Write your answers in boxes 27-33 on your answer sheet.

27   The OPV protects people in the same way as a wild virus works in the body.

28   Panic was intentionally created in order to raise money to fight polio.

29   The OPV was more successful than the IPV at preventing polio.

30   The US polio outbreaks caused some people to move away from high population areas in the summers.

31   Extremism is one barrier to the eradication of polio.

32   Iron lungs were in great demand because the numbers of people sick with polio.

33   One medicine used to treat polio was based on snake poison.



Questions 34-37

Complete the summary below.

Write NO MORE THAN ONE WORD from the text for each answer.

Write your answers in boxes 34-37 on your answer sheet.

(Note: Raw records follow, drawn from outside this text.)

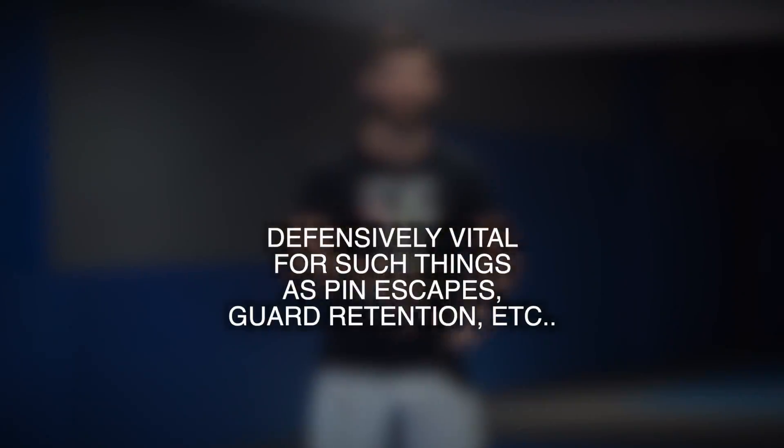The question is a little bit different defensively versus offensively. Defensively, you absolutely need to drill both sides because you're not going to be able to choose what direction you're being attacked in. If someone's trying to pass your guard or if someone's in side control, you're not going to determine which side they choose to move to. So you have to be competent in escaping both sides. If you're only good at escaping one side and someone happens to land on the side where you're bad at escaping, well obviously you're not going to get out and you're going to get submitted. So defensively, when it comes to pin escapes and guard retention, yes, you absolutely do need to drill both sides — it's essential.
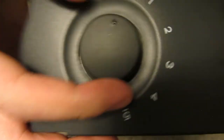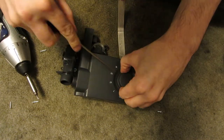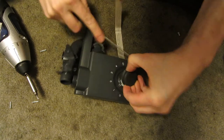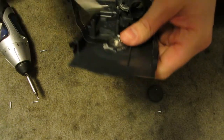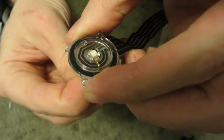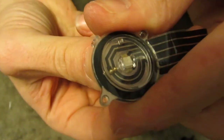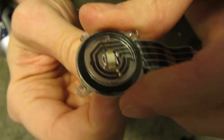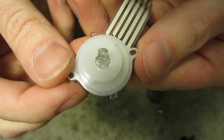I could be wrong, but that looks like two little ball bearings that are probably held in place by a magnet on the other side. I've never seen anything like that. Your LED's right there. But I want to get that switch out of there completely and have a closer look. Yeah, those are ball bearings — I've never seen a switch done like that before. And I can see the magnet on the other side. That's actually a really neat idea. Wow.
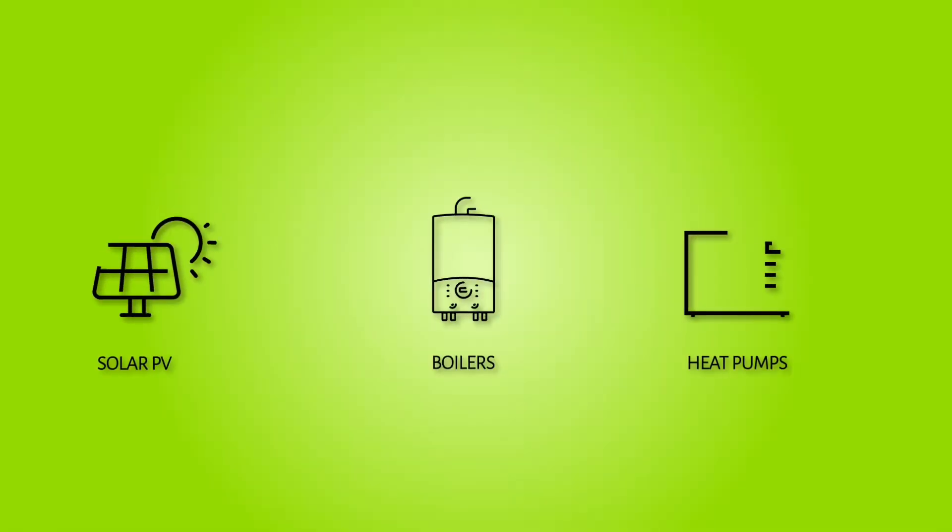We're going to be heading back to this job a few times during the year just to see what the efficiency is like in different weather conditions and see if the efficiency matches up to the manufacturer's datasheet. If you're thinking about having a heat pump installed in your home and have any questions or need any advice, please visit our website or call 0191 548 7171 and one of our team will be happy to help.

Salk developed one of the two anti-polio vaccines by using 34…………….. to stop the ability of the polio virus to attack the spinal cord. The vaccine’s presence after injection therefore causes the creation of antibodies. Sabin’s other vaccine uses induced 35…………….. to stop the ability of the virus to attack the spinal cord. After administration, it too creates antibodies.

After large-scale 36…………….., the IPV was declared safe and was used for vaccination in the US. Salk was a hero, despite one outbreak of polio due to a contaminated vaccine. The cheaper OPV became more popular over time. Both vaccines are effective, though there is a possible and unlikely danger of an unsafe 37…………….. developing in the IPV.



Questions 38-40

Answer the questions below.

Write NO MORE THAN THREE WORDS AND/OR A NUMBER from the text for each answer.

Write your answers in boxes 38-40 on your answer sheet.

38   What group is especially prone to the paralysis caused by polio?

39   What proportion of people did not survive treatment in the iron lung without effective chest treatment?

40   Who have been the most significant cause for the reintroduction of polio into countries where it was previous eradicated?